*** DATA PROVIDED Section Begins ***

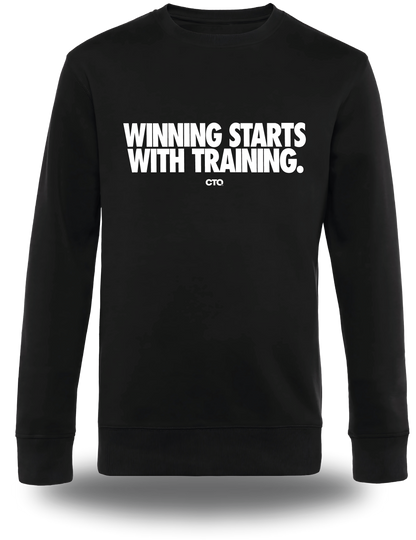 Sweatshirt Winning starts with Training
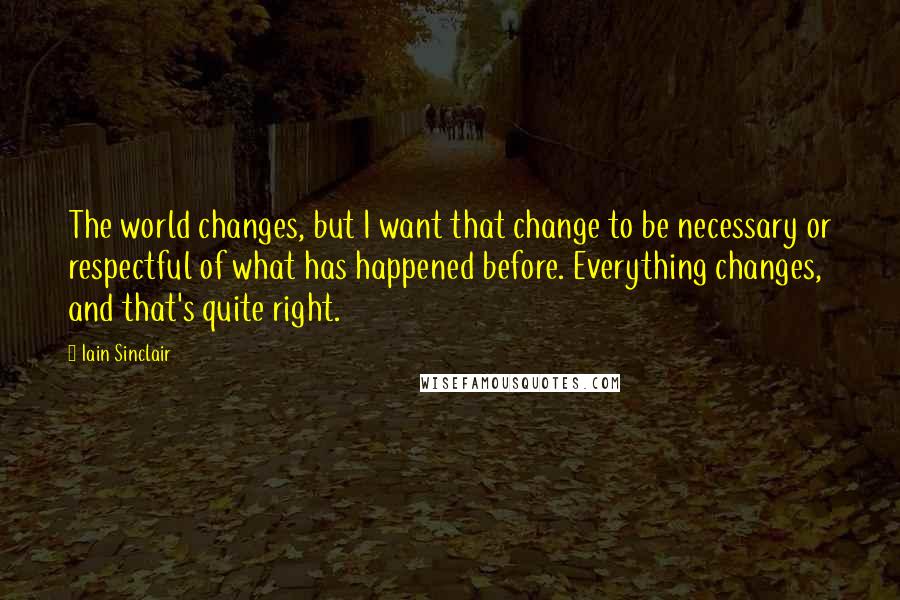 Iain Sinclair quotes: The world changes, but I want that change to be necessary or respectful of what has happened before. Everything changes, and that's quite right. Iain Sinclair quotes: The world changes, but I want that change to be necessary or respectful of what has happened before. Everything changes, and that's quite right.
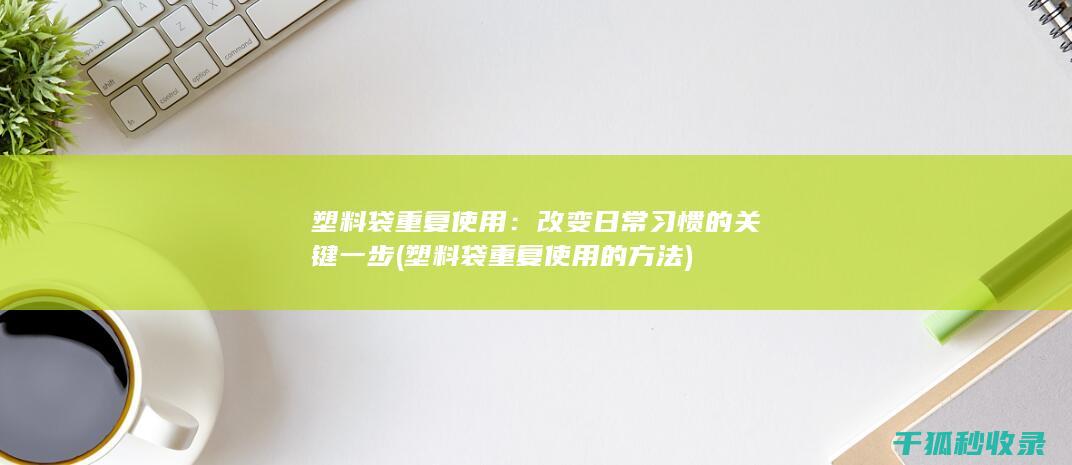 塑料袋重复使用：改变日常习惯的关键一步 (塑料袋重复使用的方法)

*** DATA PROVIDED Section Ends ***

YOUR INSTRUCTIONS —
All of the lines above should be printed exactly, minus the pictures.

SOLUTION BELOW —
 Sweatshirt Winning starts with Training
 Iain Sinclair quotes: The world changes, but I want that change to be necessary or respectful of what has happened before. Everything changes, and that's quite right. Iain Sinclair quotes: The world changes, but I want that change to be necessary or respectful of what has happened before. Everything changes, and that's quite right.
 塑料袋重复使用：改变日常习惯的关键一步 (塑料袋重复使用的方法)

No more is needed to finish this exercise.